Purchased a new ecu for the Jim Stim. Finally got RPM but it is jumpy.. goes from 0-700 0-700 every second and ecu is cranking.. 

Turn the rpm a little more and its at 30k... 
Installing 5v with a 1k resistor does nothing to change the fluctuation. 

Any suggestions?


----------



## need_a_VR6 (May 19, 1999)

You sure all the jimstim dip switches are off instead of on? 

If you remove the primary tach jumper and just use a lead to slowly pulse tach input to ground, does it read rpm as you tap?


----------



## ewillard (Apr 21, 2007)

kodos to paul extremly help full with everything he help me a whole lot i got mine running becasue of him. to do direct coil you need to have bip installed, pin36 going to the negitive on the coil, you need rpm signal to the center wire on the hall sender, if your useing hallsender you need to have a 1k resistor on r57 the board must be jumpered for opto your ts settings will need to be trigger offset 60, rising edge, spark output going high, spark output pin js10. 

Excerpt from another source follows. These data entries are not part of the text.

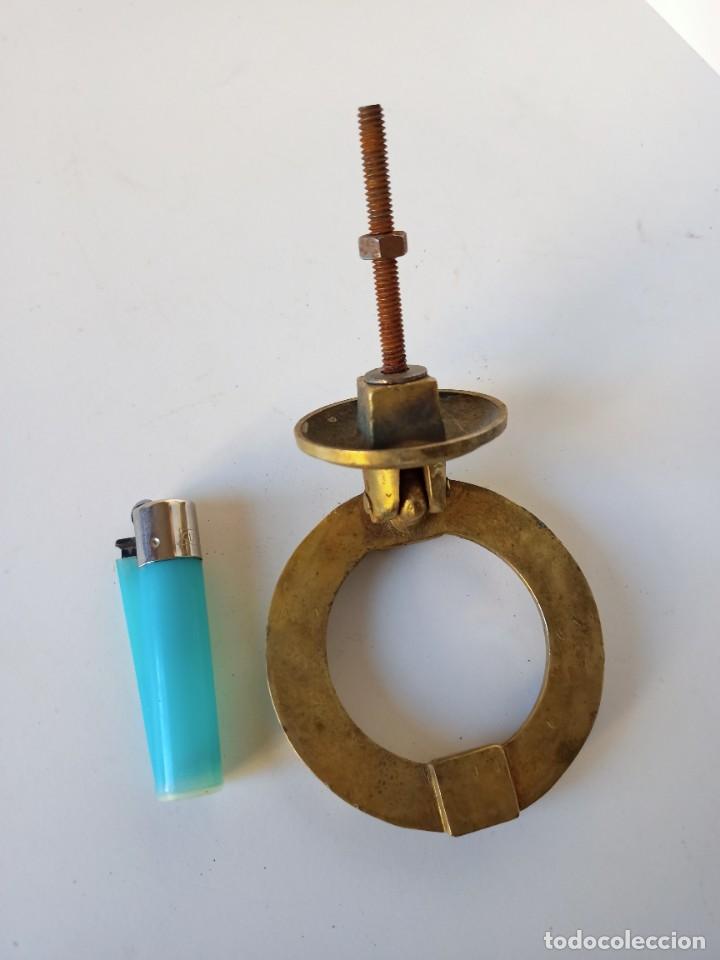 Antig&uuml;edades: Llamador de puerta en bronce - Foto 2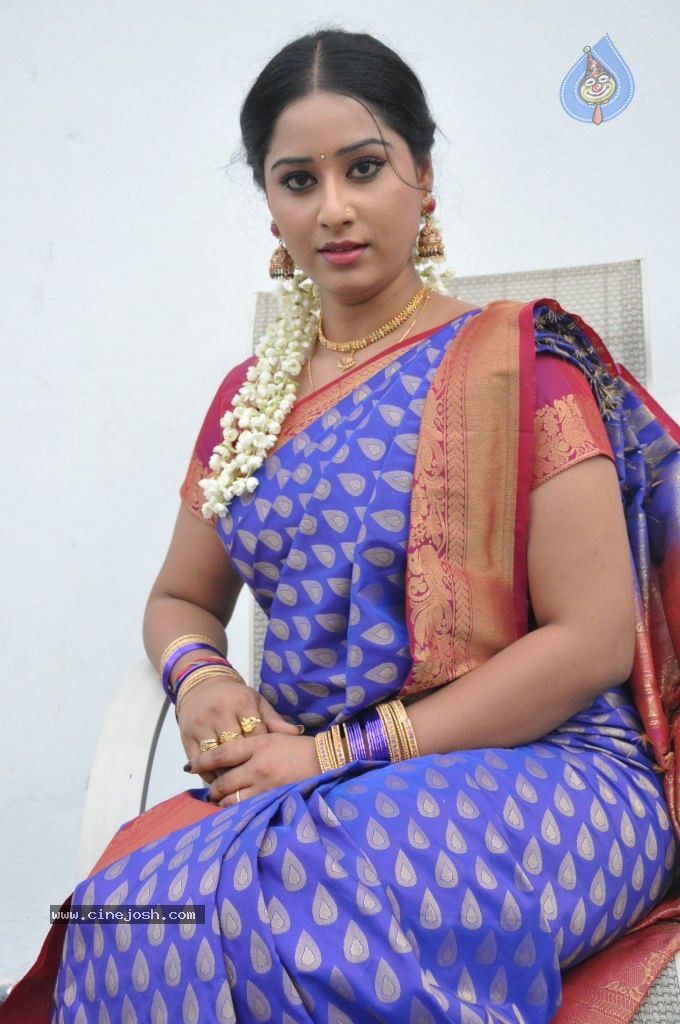 Sneha New Actress Stills - 6 / 100 photos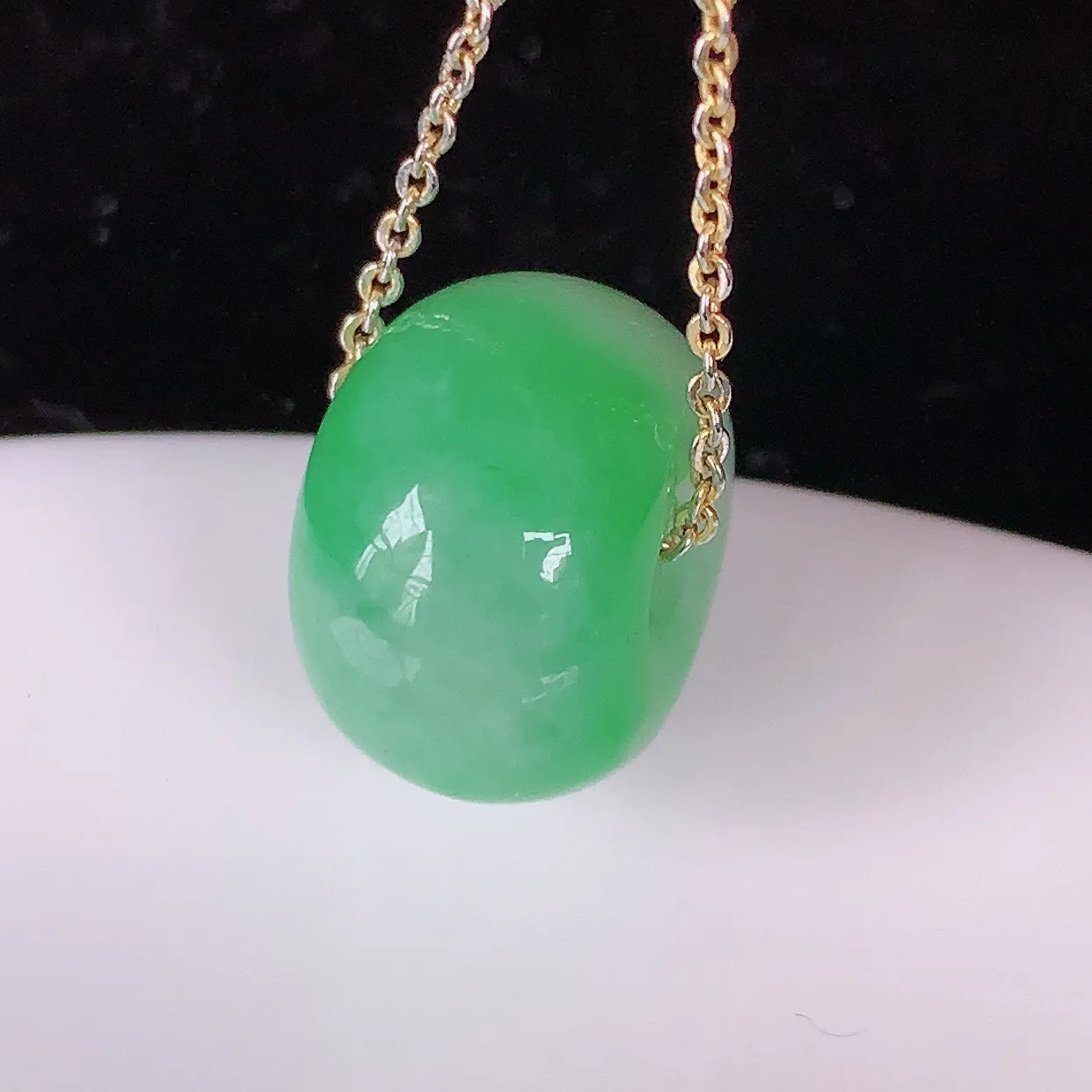 自然光实拍，水润飘绿翡翠路路通吊坠，寓意时来运转、财源滚滚，款式新颖时尚，日常百搭的款！配图银链#05.3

im willing to help as much as i can i was going nuts trying to get mine fixed and running properly
if you need a msq let me know ill send you mine. its for a 2L 16v lysholm with 50lbs injectors, autotech sport cams, at 17psi, 9:1 comp ratio. thats the basics.


----------



## 16vdisturbance (Mar 30, 2008)

I haven't had time the pass couple days. I would appreciate the MSQ. If you don't mind please send it to [email protected]


----------